Start of Records for the task

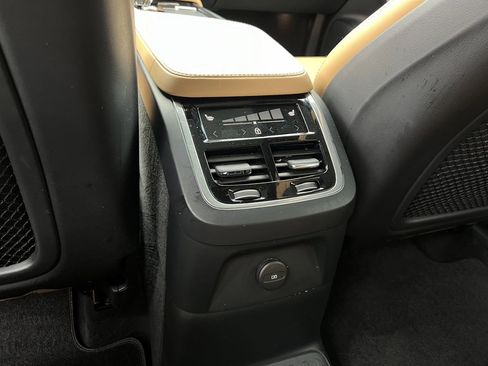 Used 2023 Volvo XC90 T8 Ultimate AWD/4WD image 23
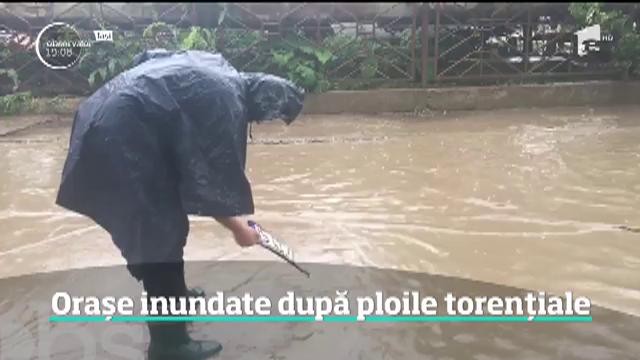 Fuioare uriaşe care aduc cu tornadele au băgat panică &icirc;n rom&acirc;ni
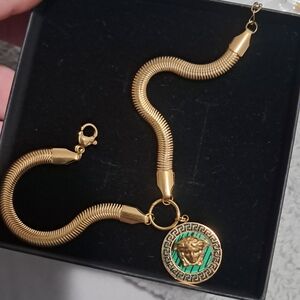 Gold and Green Medallion Bracelet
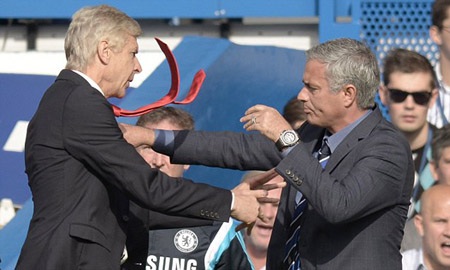 Wenger đã không giữ nổi bình tĩnh trước Mourinho
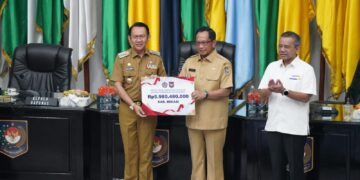 Penjabat Bupati Bekasi, Dani Ramdan menerima Penghargaan Insentif Fiskal Tahun 2024, bertempat di Sasana Bhakti Praja, Kantor Kementerian Dalam Negeri RI, Jakarta Pusat, pada Senin (05/08/2024). Foto : Prokopim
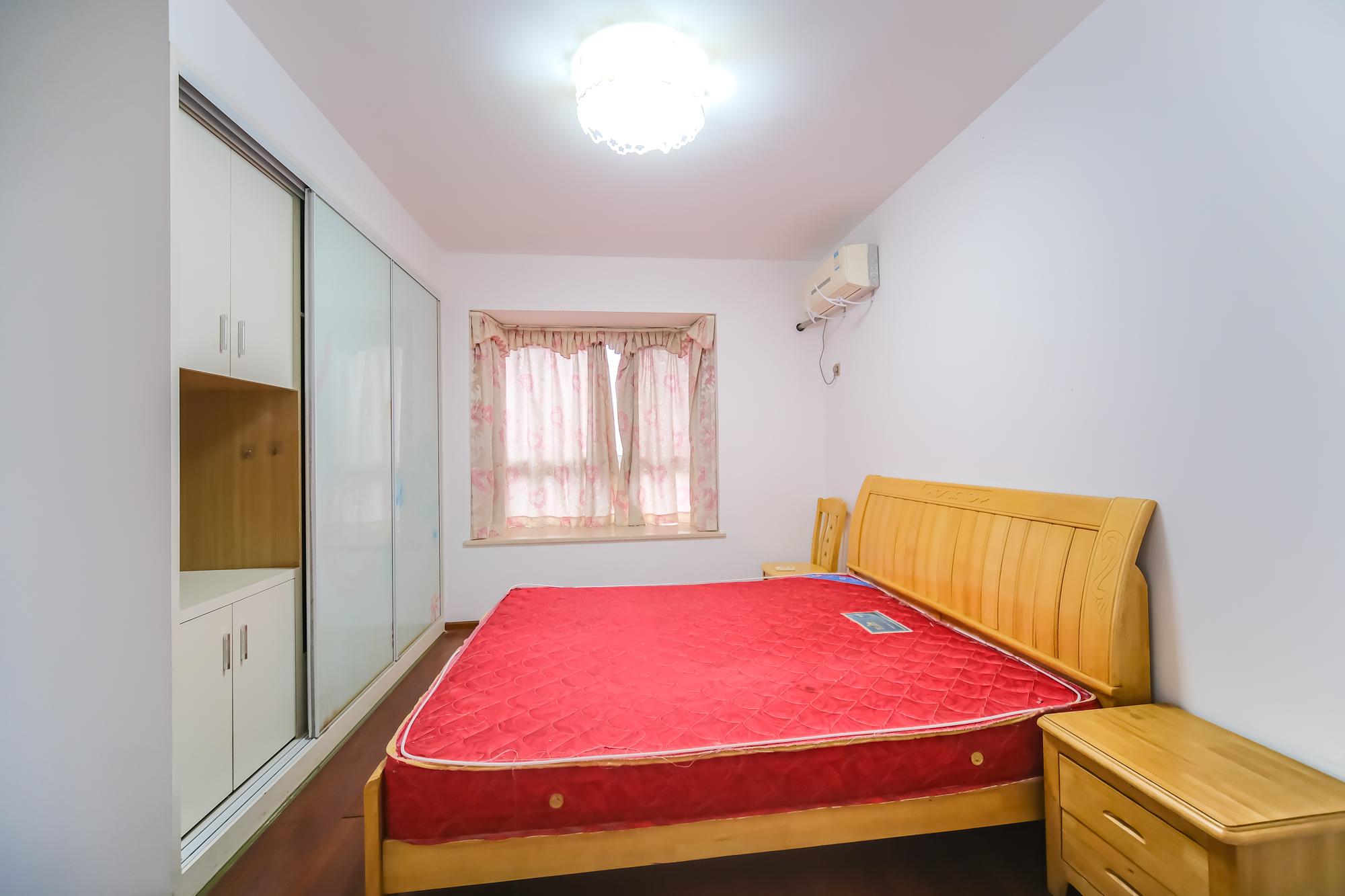 世景华庭 3室2厅1卫 75.0万 世景华庭 3室2厅1卫 75.0万卧室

End of Records for the task

- Task requirements -
Please copy only the lines from the one that contains "Penjabat Bupati Bekasi, Dani" through the last line of the records, exactly, and keep every picture out of the copy.

- Output of the exercise -
 Penjabat Bupati Bekasi, Dani Ramdan menerima Penghargaan Insentif Fiskal Tahun 2024, bertempat di Sasana Bhakti Praja, Kantor Kementerian Dalam Negeri RI, Jakarta Pusat, pada Senin (05/08/2024). Foto : Prokopim
 世景华庭 3室2厅1卫 75.0万 世景华庭 3室2厅1卫 75.0万卧室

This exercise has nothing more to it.